Ranchers Keep Watch on Beyond Burger Retail Debut
Saskatchewan rancher Ross Macdonald isn’t afraid of the Beyond Burger
by Arthur White-Crummey – Regina Leader-Post
The meatless product is set to come to Canadian grocery stores in time for barbecue season this year, according to the California-based company that produces it from peas, beets and other vegetables.
It’s being touted as perhaps the best imitation burger to hit the market thus far, and Macdonald — who raises cattle on 3,500 acres near the U.S. border — says Saskatchewan ranchers are talking about what it means for them.

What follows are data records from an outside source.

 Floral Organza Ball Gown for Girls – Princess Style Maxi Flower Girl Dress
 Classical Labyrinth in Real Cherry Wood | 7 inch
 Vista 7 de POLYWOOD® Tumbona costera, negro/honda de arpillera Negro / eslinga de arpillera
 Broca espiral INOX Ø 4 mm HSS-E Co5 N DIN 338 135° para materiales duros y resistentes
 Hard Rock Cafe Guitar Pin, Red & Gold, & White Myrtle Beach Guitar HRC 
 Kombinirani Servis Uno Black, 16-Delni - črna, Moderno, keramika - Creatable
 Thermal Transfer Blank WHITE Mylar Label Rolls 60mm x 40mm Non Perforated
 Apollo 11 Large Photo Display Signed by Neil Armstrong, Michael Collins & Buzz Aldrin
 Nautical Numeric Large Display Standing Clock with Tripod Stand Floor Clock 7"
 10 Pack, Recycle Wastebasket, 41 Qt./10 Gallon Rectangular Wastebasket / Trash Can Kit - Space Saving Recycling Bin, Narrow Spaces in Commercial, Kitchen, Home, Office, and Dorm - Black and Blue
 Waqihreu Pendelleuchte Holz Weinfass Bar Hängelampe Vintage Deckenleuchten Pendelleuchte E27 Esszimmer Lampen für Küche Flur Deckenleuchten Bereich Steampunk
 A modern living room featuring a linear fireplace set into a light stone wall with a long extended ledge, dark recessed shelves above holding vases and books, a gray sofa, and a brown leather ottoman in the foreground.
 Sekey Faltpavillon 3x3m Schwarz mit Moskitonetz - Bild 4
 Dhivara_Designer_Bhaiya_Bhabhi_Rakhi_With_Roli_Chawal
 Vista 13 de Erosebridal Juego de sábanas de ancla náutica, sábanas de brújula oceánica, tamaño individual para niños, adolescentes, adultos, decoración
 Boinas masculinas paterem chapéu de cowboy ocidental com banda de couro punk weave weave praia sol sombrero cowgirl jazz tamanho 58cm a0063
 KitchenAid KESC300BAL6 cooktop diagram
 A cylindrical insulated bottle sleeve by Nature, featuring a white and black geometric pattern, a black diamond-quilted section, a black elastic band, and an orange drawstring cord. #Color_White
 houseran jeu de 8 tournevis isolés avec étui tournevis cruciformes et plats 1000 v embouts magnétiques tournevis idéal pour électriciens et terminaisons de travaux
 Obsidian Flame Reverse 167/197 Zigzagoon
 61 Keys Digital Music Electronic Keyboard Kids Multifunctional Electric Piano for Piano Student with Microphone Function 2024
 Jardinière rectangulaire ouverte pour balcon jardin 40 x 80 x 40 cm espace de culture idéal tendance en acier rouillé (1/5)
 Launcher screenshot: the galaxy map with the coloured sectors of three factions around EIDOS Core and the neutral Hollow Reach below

“I think its probably one of the most current topics,” he said.
He said he’s even tried one, and didn’t mind the taste. But that doesn’t mean he’s losing confidence in the Saskatchewan cattle industry’s future as more alternatives fight for room in Canadian shopping carts.
“The popular meatless burger is finally coming to Canadian grocery stores, and Saskatchewan’s beef sector will be keeping a close eye on the sales data”
“I don’t necessarily see it as a threat,” he said. “I see it as an opportunity for people like myself, who produce beef in a grassland environment, to tell a great story about the sustainability of our product.”
A photo of Ross Macdonald’s 98 Ranch near Lake Alma, Saskatchewan. ROSS MACDONALD / SUBMITTED
The Beyond Burger has already come to A&W, temporarily selling out last fall due to heavy demand. The company that makes it, Beyond Meat, frames its signature product as a more ethical and healthy substitute for the real thing.“Our belief is that the best way to get people to eat less meat is by giving them more of what they love — in our case, juicy delicious burgers, sausages, and more — without so many of the health, sustainability, and animal welfare downsides of animal-based meats,” the company writes in its press package.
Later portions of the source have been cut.